_ENTRIES SUPPLIED_:
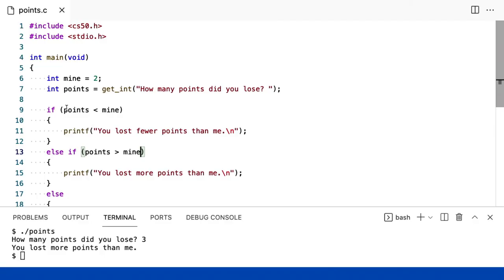Há um risco aqui, no entanto. Por menor que seja, eu poderia acidentalmente mudar o mine em algum momento. Talvez eu esqueça o que o mine representa, e eu faço uma adição ou uma subtração. Então, há uma maneira de dizer ao computador, não confie em mim porque eu vou estragar tudo eventualmente, fazendo uma constante variável também. Assim, uma constante em uma linguagem de programação, e isso não existia no Scratch.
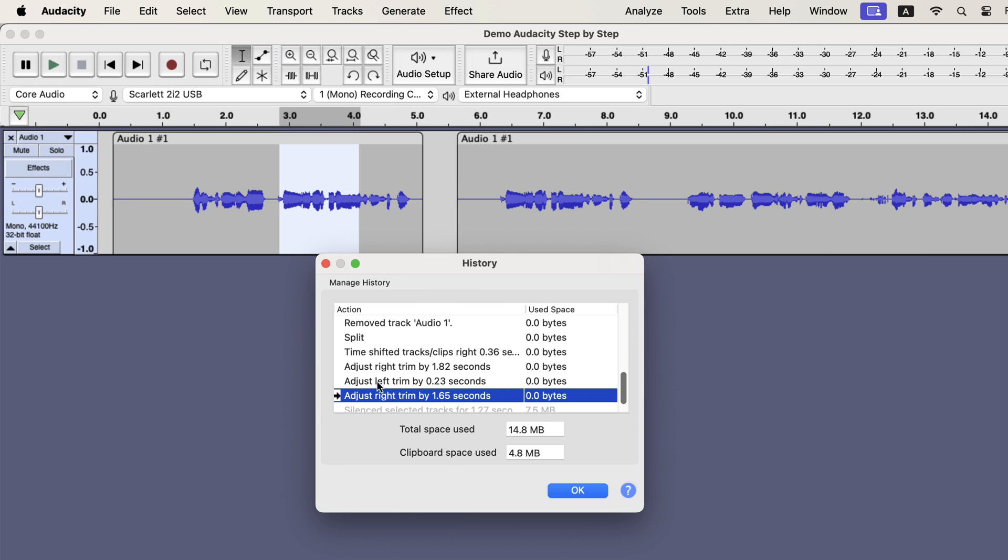In the next section of the video, we will see the much-anticipated feature of Audacity. It is about how to make your sound better in Audacity. Your recording may not always be perfect, but you can make it way better by applying some audio effects. We will see that next.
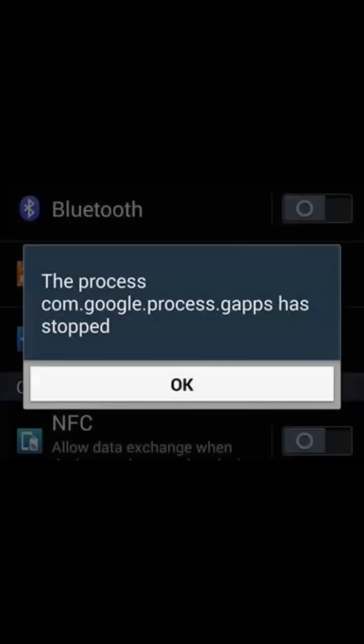Hello friends, today in this video I am going to show you how we can fix the error that the process com.google.process.gapps has stopped. We get this message on Android devices, and today I am going to show you a couple of methods by which you can fix this error.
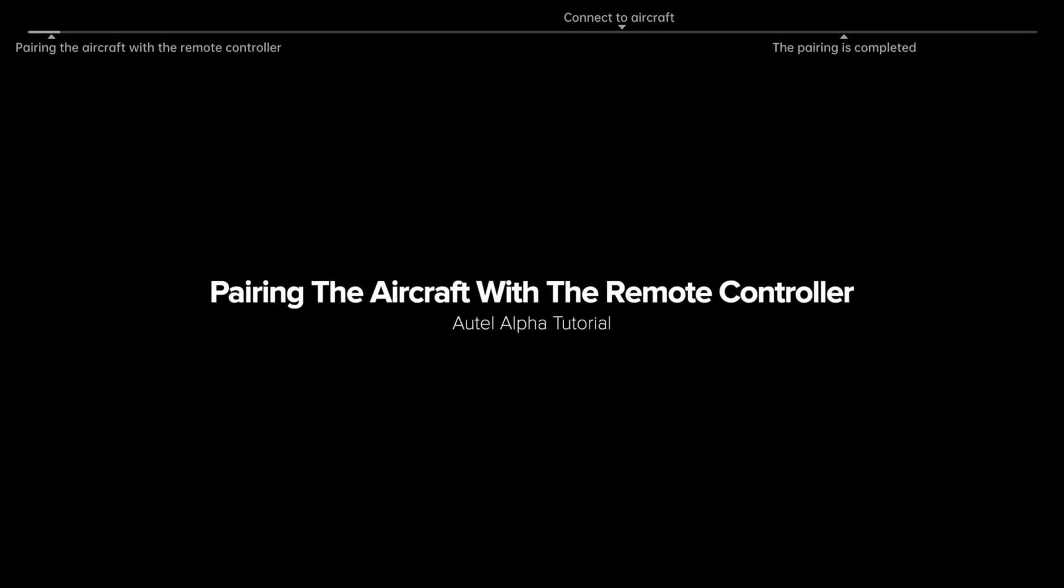Pairing the aircraft with the remote controller. Autel Alpha Tutorial.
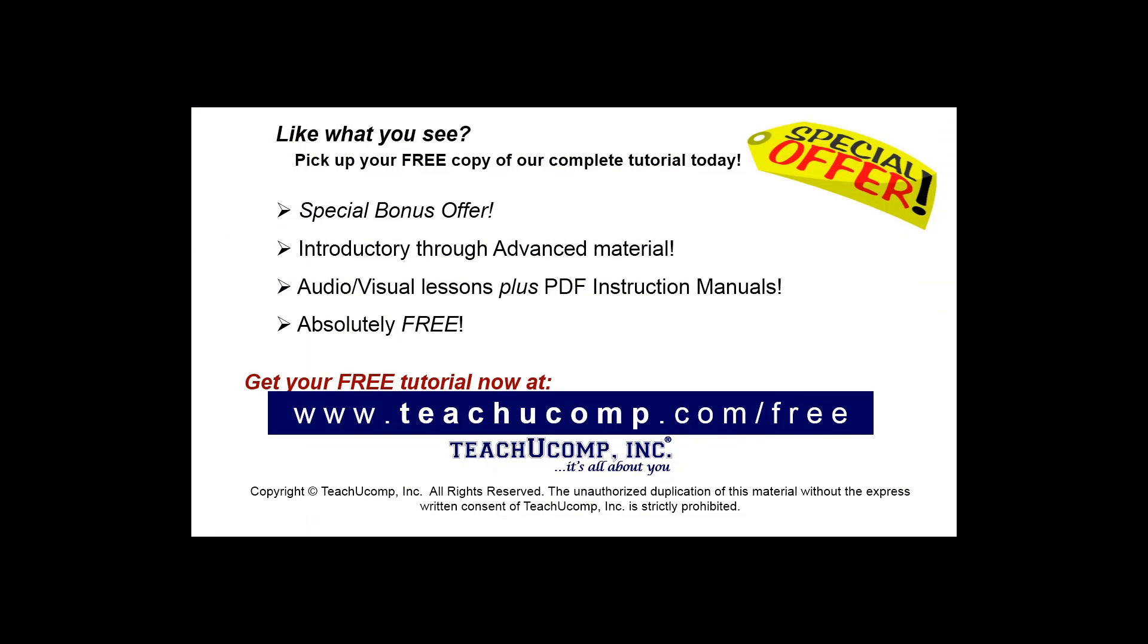Like what you see? Pick up your free copy of the complete tutorial at www.teachucomp.com forward slash free.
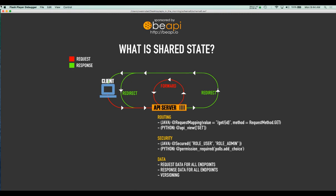Moving on — what is shared state? Well, let's first talk about what state is. State is basically all the information tied to your endpoints that you need to share with the other services in your architecture, hence shared state.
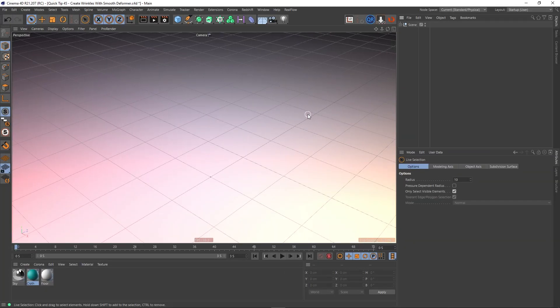Hey guys, it's Sam for DIGITALMEAT again, and in this Cinema 4D quick tip, I want to show you how you can introduce wrinkles to the surface of a polygon object. So let's get stuck in.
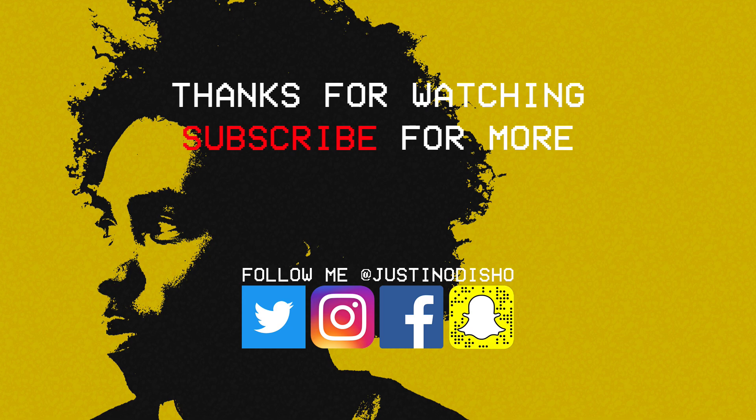So thank you guys so much for watching. Definitely check out my channel and subscribe for more. And like this video if you liked it. And let me know what you thought in the comments below. Thanks for watching and I'll see you next time.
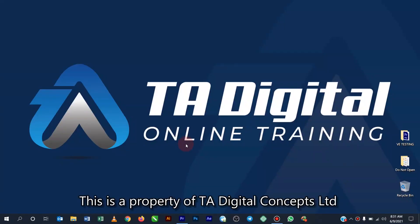Hello guys and welcome to TA Digital online training. In this video I'm going to show you the names of the tools that we have in Adobe Premiere. Okay, so without further ado, let's get started.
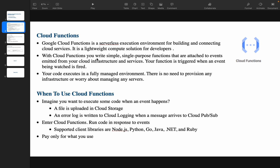Cloud Functions are simple, single-purpose functions attached to events emitted from your cloud infrastructure and services. Cloud Function is basically an event-driven service — when a particular event happens, your Cloud Function gets triggered and executes the code. Your code executes in a fully managed environment; there is no need to provision any infrastructure or worry about managing any service.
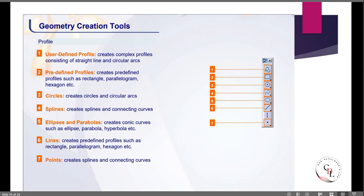Predefined profiles let you create shapes such as rectangles, parabolas, and hexagons. For circles, there are different types: you can create a circle with a center point, or a three-point circle. There are different commands we will see in CATIA — including splines, ellipses, parabolas, lines, and points.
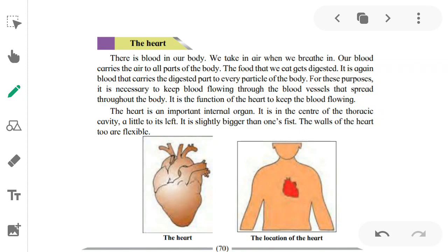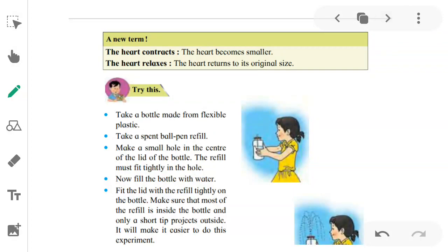It is the function of the heart to keep the blood flowing. The heart is an important internal organ. It is at the center of the thoracic cavity, a little to its left. It is slightly bigger than one's fist — our heart is just a little bigger than our fist. The walls of the heart are flexible.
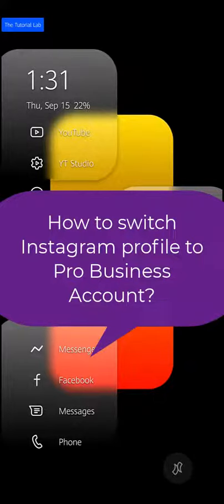Hello friends, welcome back to the tutorial lab. Today in this video I am going to show you how to switch your Instagram profile to a professional business account.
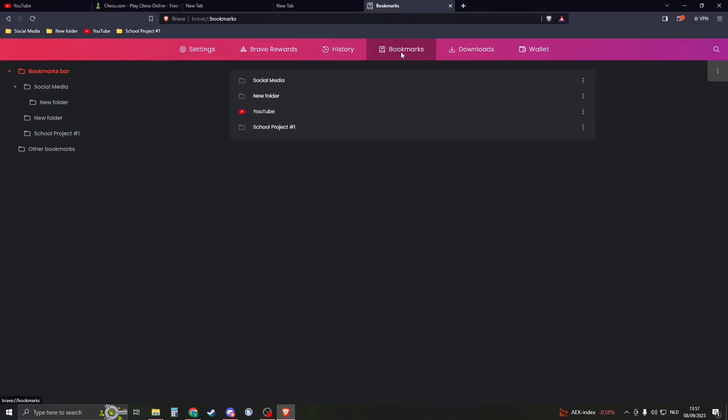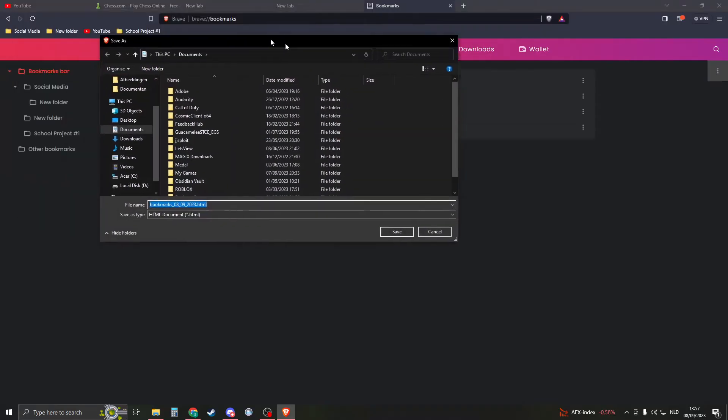Now you will see the bookmarks. In order to export the bookmarks, we will have to click on the three dots right here. Click on them and now click on Export Bookmarks.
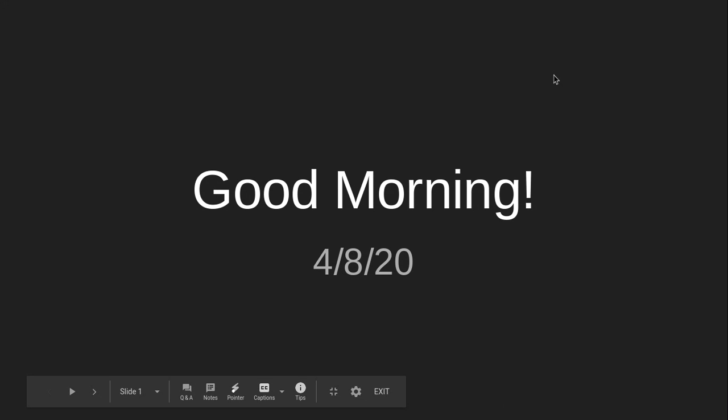Hey, good morning. It is April 8th, 2020. Just a couple things to share with you this morning.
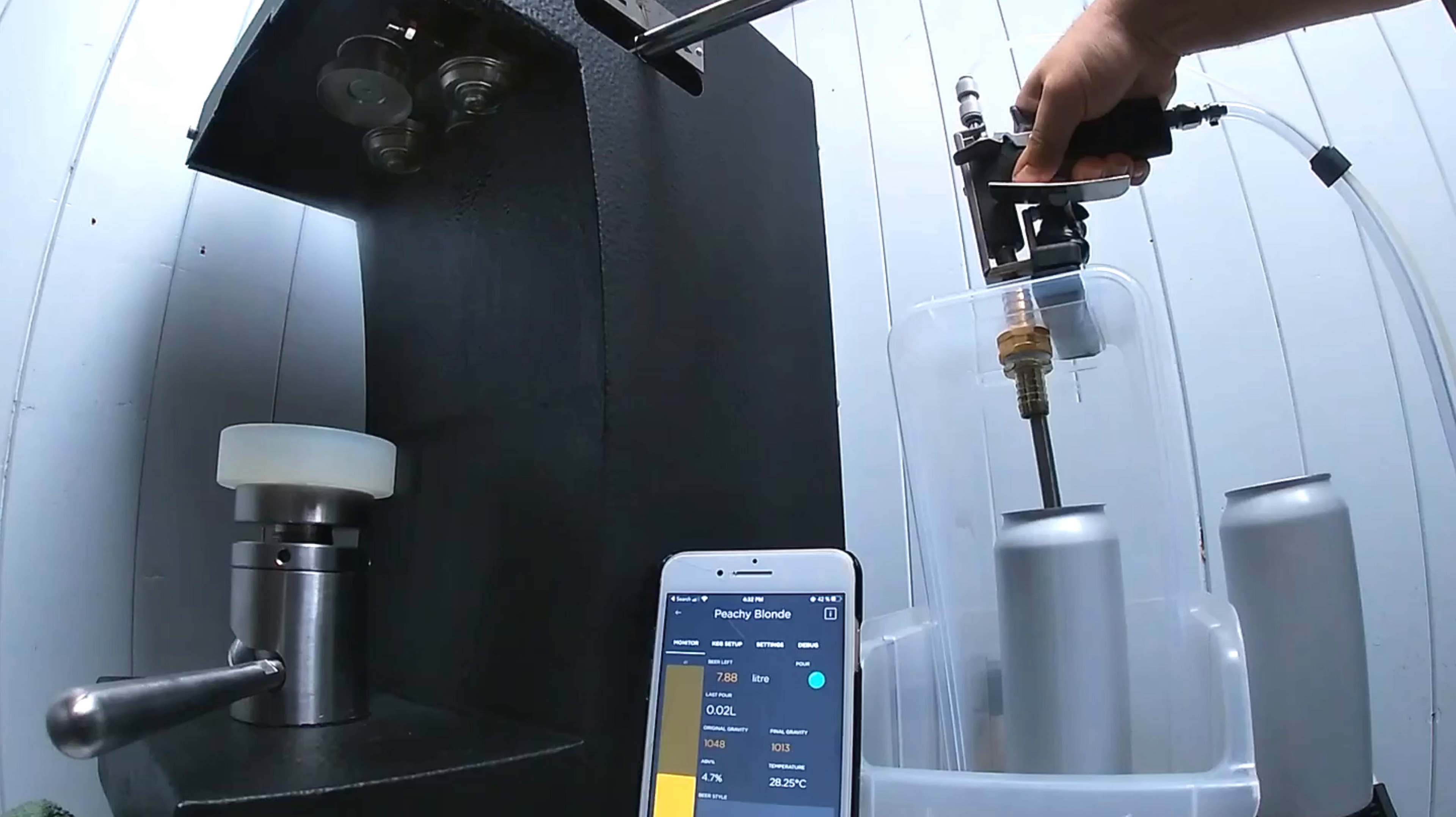I headed out to my local hardware store to find something that would stand alone, hold the beer gun, and be easy to clean.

_ABOUT THIS EXERCISE_: For this exercise, give the listing again exactly as written, with the pictures omitted.

_TASK OUTPUT_:
Há um risco aqui, no entanto. Por menor que seja, eu poderia acidentalmente mudar o mine em algum momento. Talvez eu esqueça o que o mine representa, e eu faço uma adição ou uma subtração. Então, há uma maneira de dizer ao computador, não confie em mim porque eu vou estragar tudo eventualmente, fazendo uma constante variável também. Assim, uma constante em uma linguagem de programação, e isso não existia no Scratch.
In the next section of the video, we will see the much-anticipated feature of Audacity. It is about how to make your sound better in Audacity. Your recording may not always be perfect, but you can make it way better by applying some audio effects. We will see that next.
Hello friends, today in this video I am going to show you how we can fix the error that the process com.google.process.gapps has stopped. We get this message on Android devices, and today I am going to show you a couple of methods by which you can fix this error.
Pairing the aircraft with the remote controller. Autel Alpha Tutorial.
Like what you see? Pick up your free copy of the complete tutorial at www.teachucomp.com forward slash free.
Moving on — what is shared state? Well, let's first talk about what state is. State is basically all the information tied to your endpoints that you need to share with the other services in your architecture, hence shared state.
Hey guys, it's Sam for DIGITALMEAT again, and in this Cinema 4D quick tip, I want to show you how you can introduce wrinkles to the surface of a polygon object. So let's get stuck in.
So thank you guys so much for watching. Definitely check out my channel and subscribe for more. And like this video if you liked it. And let me know what you thought in the comments below. Thanks for watching and I'll see you next time.
Hello guys and welcome to TA Digital online training. In this video I'm going to show you the names of the tools that we have in Adobe Premiere. Okay, so without further ado, let's get started.
Cloud Functions are simple, single-purpose functions attached to events emitted from your cloud infrastructure and services. Cloud Function is basically an event-driven service — when a particular event happens, your Cloud Function gets triggered and executes the code. Your code executes in a fully managed environment; there is no need to provision any infrastructure or worry about managing any service.
Predefined profiles let you create shapes such as rectangles, parabolas, and hexagons. For circles, there are different types: you can create a circle with a center point, or a three-point circle. There are different commands we will see in CATIA — including splines, ellipses, parabolas, lines, and points.
It is the function of the heart to keep the blood flowing. The heart is an important internal organ. It is at the center of the thoracic cavity, a little to its left. It is slightly bigger than one's fist — our heart is just a little bigger than our fist. The walls of the heart are flexible.
Hello friends, welcome back to the tutorial lab. Today in this video I am going to show you how to switch your Instagram profile to a professional business account.
Now you will see the bookmarks. In order to export the bookmarks, we will have to click on the three dots right here. Click on them and now click on Export Bookmarks.
Hey, good morning. It is April 8th, 2020. Just a couple things to share with you this morning.
I headed out to my local hardware store to find something that would stand alone, hold the beer gun, and be easy to clean.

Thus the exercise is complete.